(Beginning of DATA FOR PROCESSING)

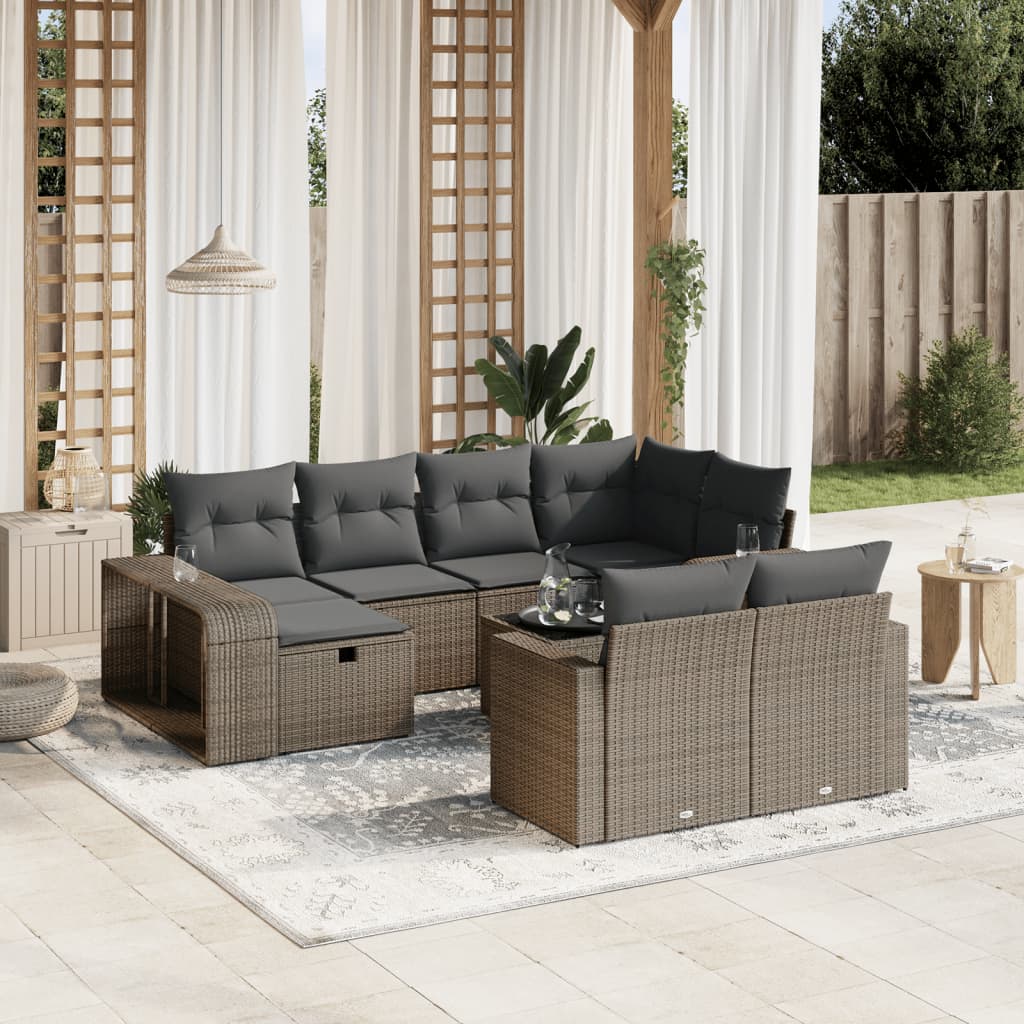 11 részes világosszürke polyrattan kerti ülőgarnitúra párnákkal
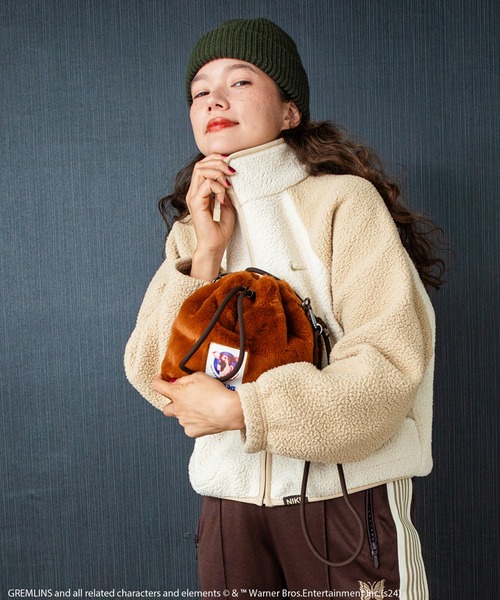 ACCOMMODE（アコモデ）の「グレムリン/ファー巾着ショルダー（ショルダーバッグ・レディース・ブラウン/ダークグレー/その他1・FREE）」の13枚目の写真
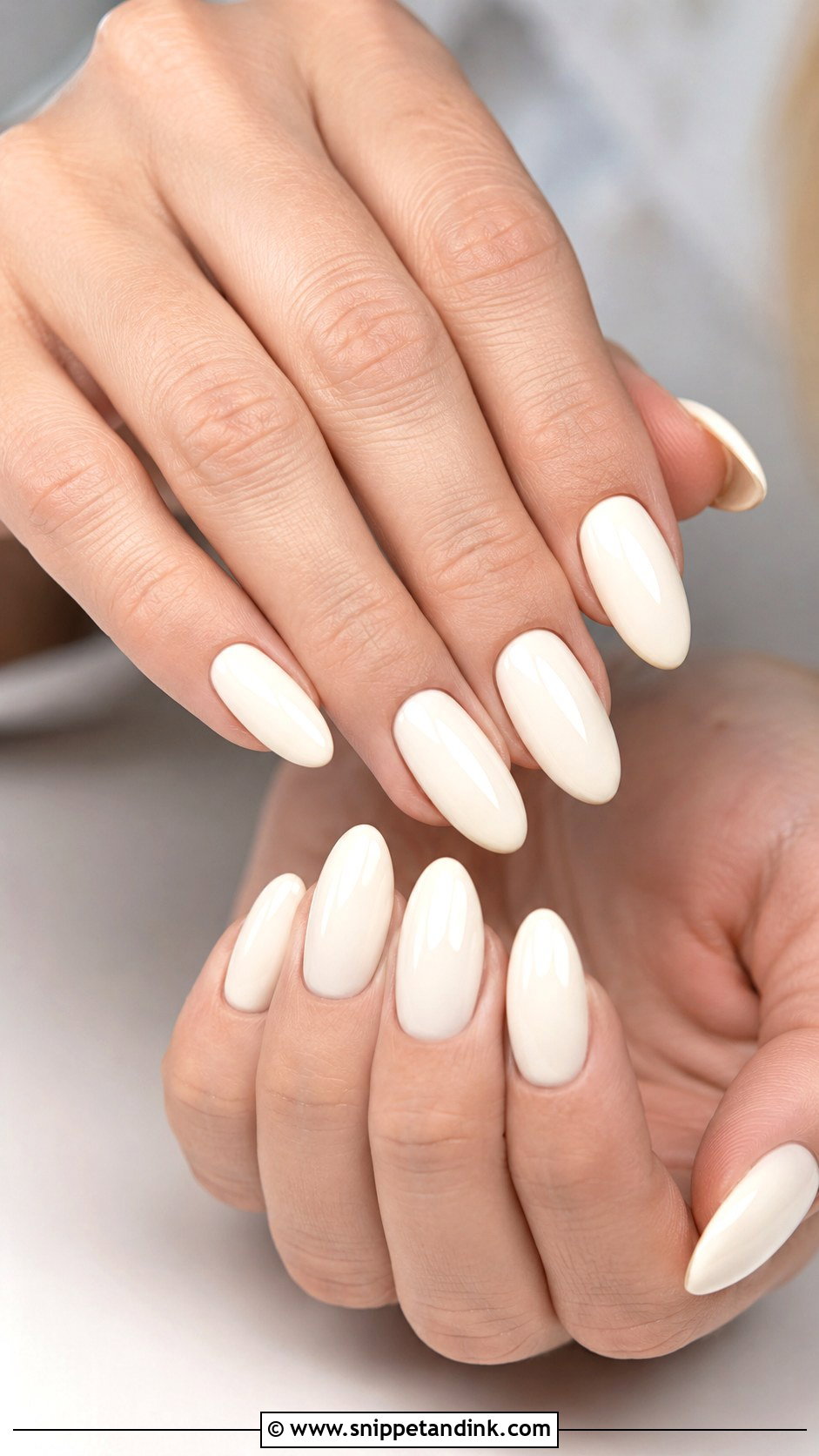 Ivory Almond Wedding Nails - Snippet and Ink - 20 Nail Art for Marriage Ideas
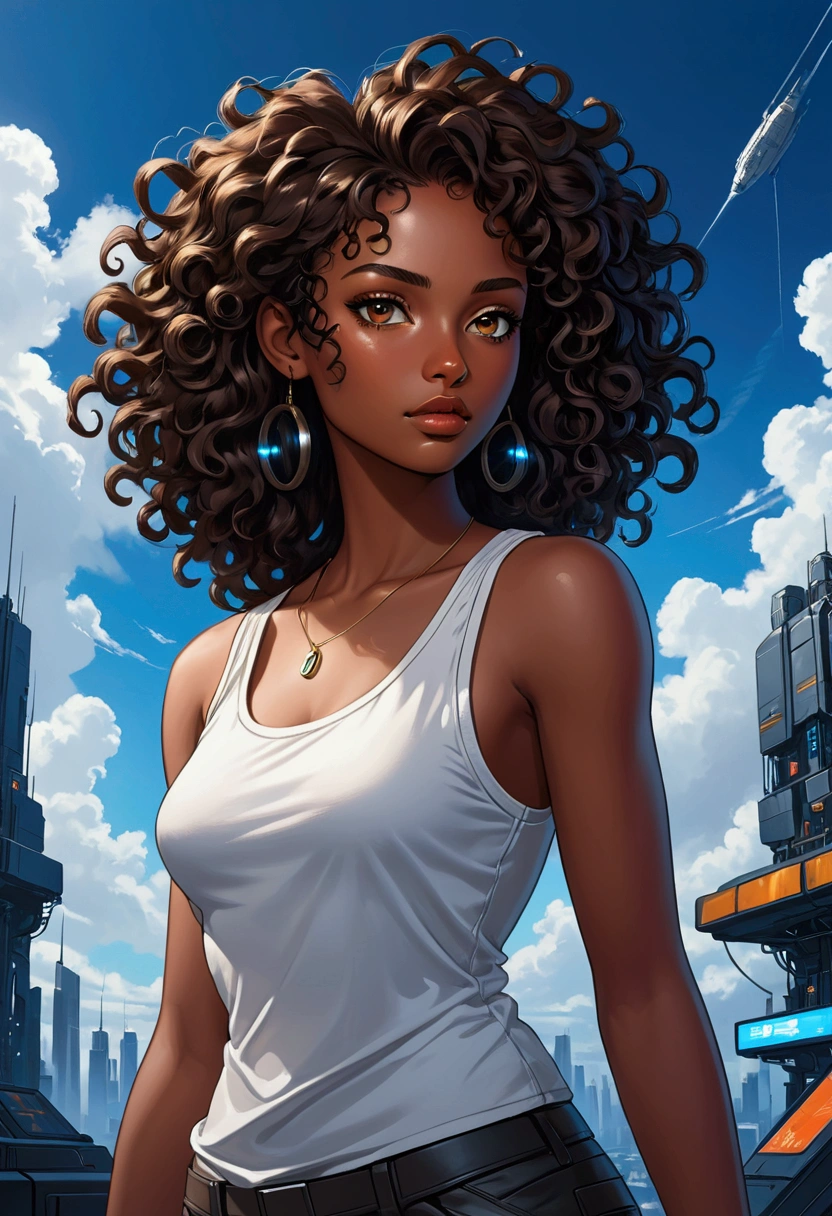 Make a character with curly hair, famale, brown eyes, well-drawn and structured hands, full lips, relaxed style eyes, Black skin, wearing a white tank top, cyberpunk scenary, dark blue sky, WizardLM-2 8x22B style art, realism art, smooth art, smooth art, Blassian woman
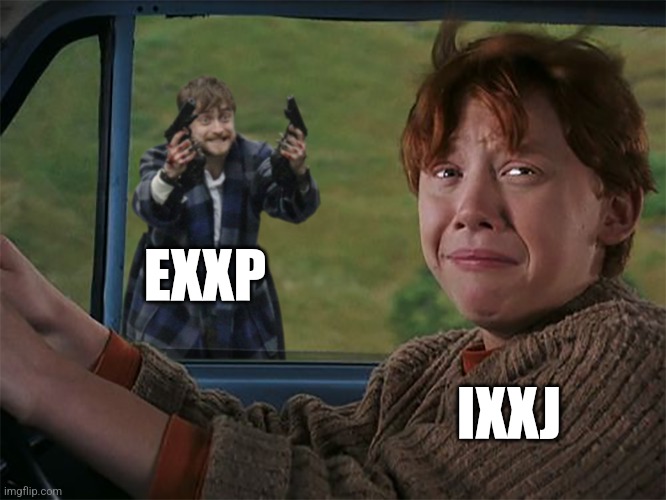 Loving the Impulsive | EXXP; IXXJ | image tagged in harry with guns scared ron,mbti,myers briggs,personality,entp,estp | made w/ Imgflip meme maker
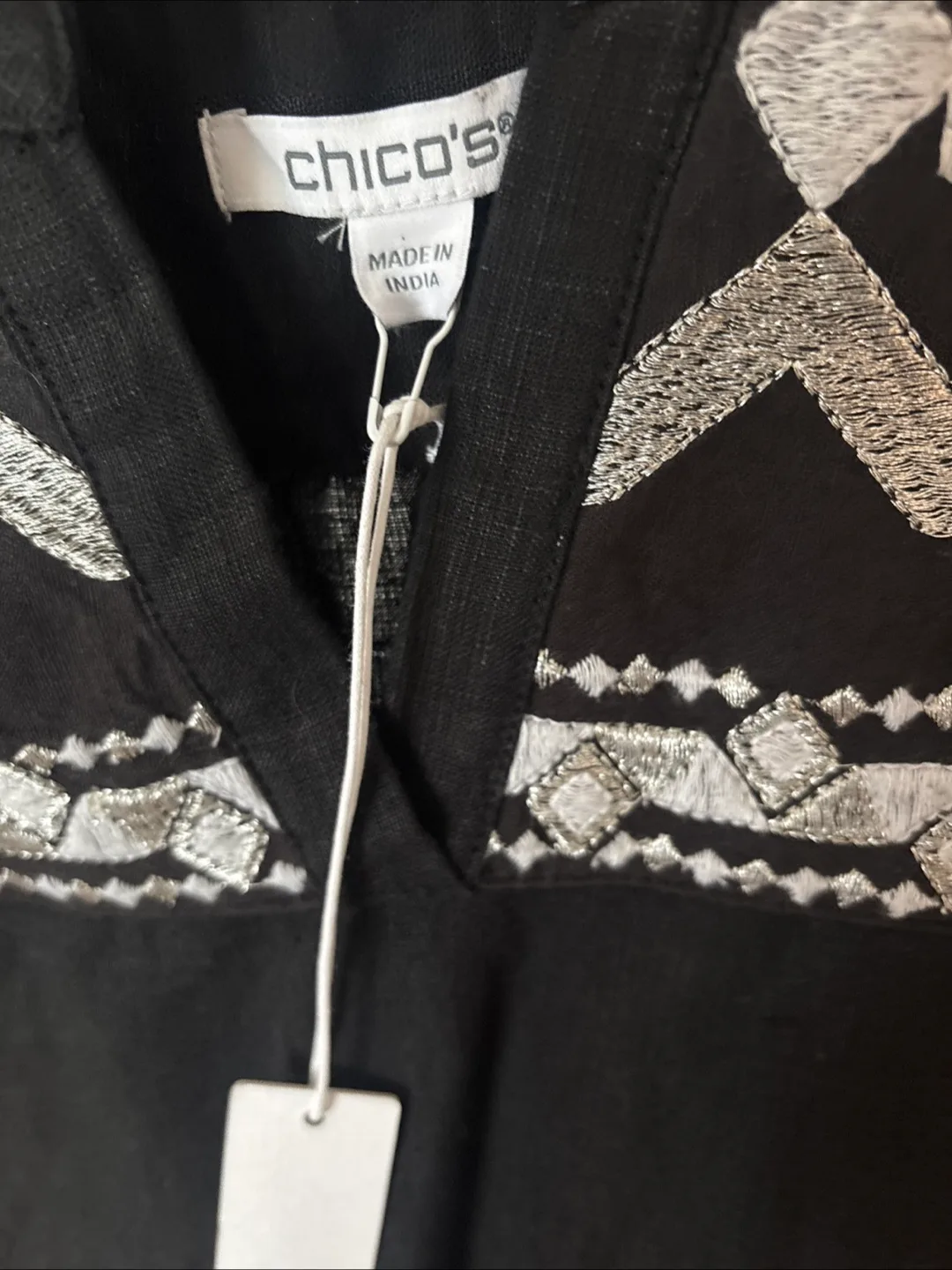 Chico's Black Embroidered Maxi  Dress - Size 1.5. New With Tags image indicator(2)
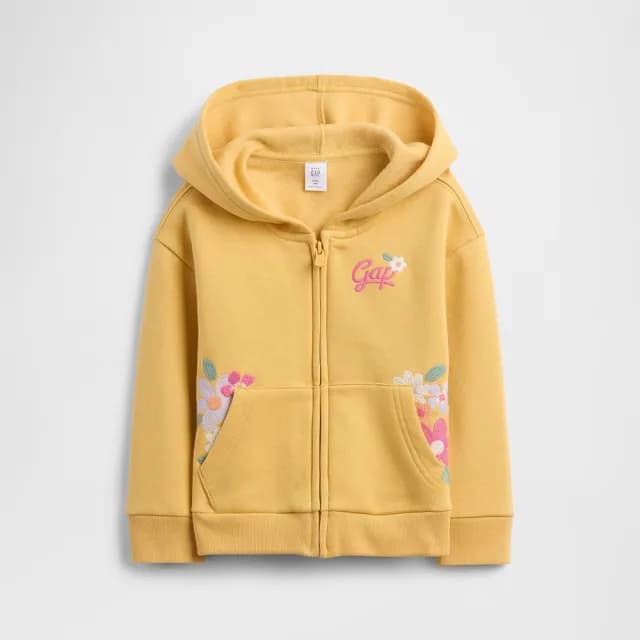 【GAP】女幼童裝 Logo刺繡/印花刷毛連帽外套-奶黃色(793479)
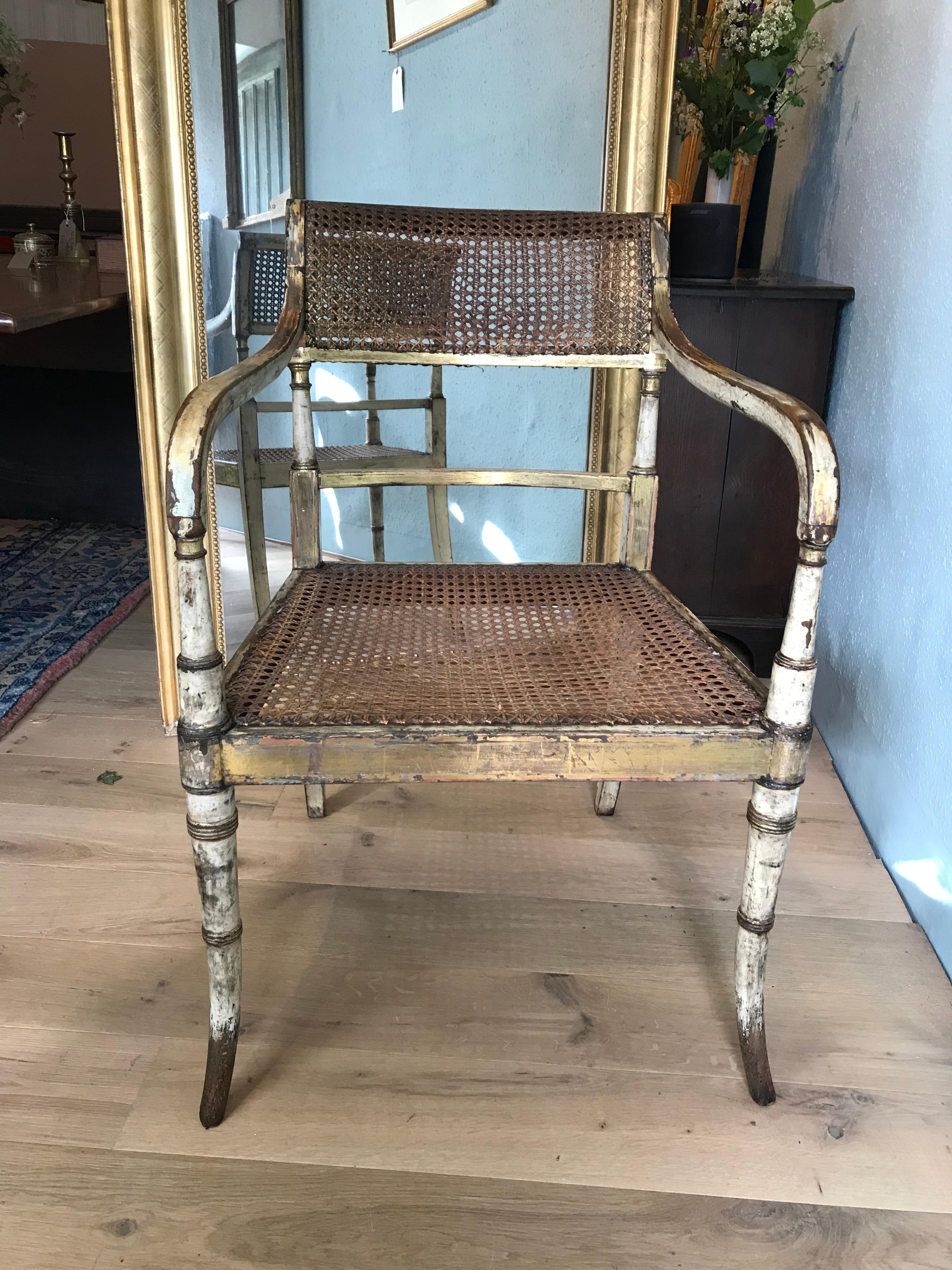 Gillows of Lancaster George 3rd Painted and Parcel Gilt Arm Chair In Fair Condition For Sale In Sherborne, GB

(End of DATA FOR PROCESSING)

◆ WHAT TO DO: In your copy, include no pictures; print every line above exactly.

◆ ANSWER SPACE:
 11 részes világosszürke polyrattan kerti ülőgarnitúra párnákkal
 ACCOMMODE（アコモデ）の「グレムリン/ファー巾着ショルダー（ショルダーバッグ・レディース・ブラウン/ダークグレー/その他1・FREE）」の13枚目の写真
 Ivory Almond Wedding Nails - Snippet and Ink - 20 Nail Art for Marriage Ideas
 Make a character with curly hair, famale, brown eyes, well-drawn and structured hands, full lips, relaxed style eyes, Black skin, wearing a white tank top, cyberpunk scenary, dark blue sky, WizardLM-2 8x22B style art, realism art, smooth art, smooth art, Blassian woman
 Loving the Impulsive | EXXP; IXXJ | image tagged in harry with guns scared ron,mbti,myers briggs,personality,entp,estp | made w/ Imgflip meme maker
 Chico's Black Embroidered Maxi  Dress - Size 1.5. New With Tags image indicator(2)
 【GAP】女幼童裝 Logo刺繡/印花刷毛連帽外套-奶黃色(793479)
 Gillows of Lancaster George 3rd Painted and Parcel Gilt Arm Chair In Fair Condition For Sale In Sherborne, GB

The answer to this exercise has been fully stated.